- PROVIDED DATA:
+-------+

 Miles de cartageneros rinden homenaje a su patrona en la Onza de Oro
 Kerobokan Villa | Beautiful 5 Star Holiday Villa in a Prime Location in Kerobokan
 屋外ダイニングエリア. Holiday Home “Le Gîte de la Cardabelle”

+-------+

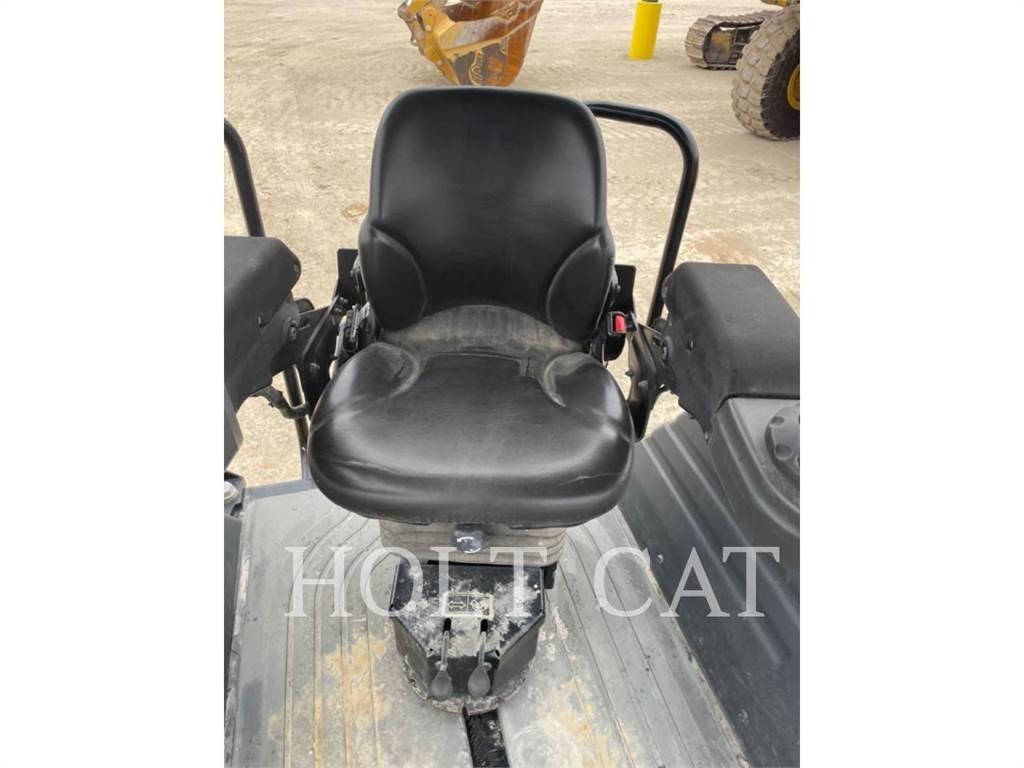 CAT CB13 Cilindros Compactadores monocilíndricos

+-------+

- WORK TO COMPLETE:
Repeat, exactly as they stand above, the lines from the line with "Miles de cartageneros" to the line with "屋外ダイニングエリア. Holiday Home", both lines included.

- TASK OUTPUT:
 Miles de cartageneros rinden homenaje a su patrona en la Onza de Oro
 Kerobokan Villa | Beautiful 5 Star Holiday Villa in a Prime Location in Kerobokan
 屋外ダイニングエリア. Holiday Home “Le Gîte de la Cardabelle”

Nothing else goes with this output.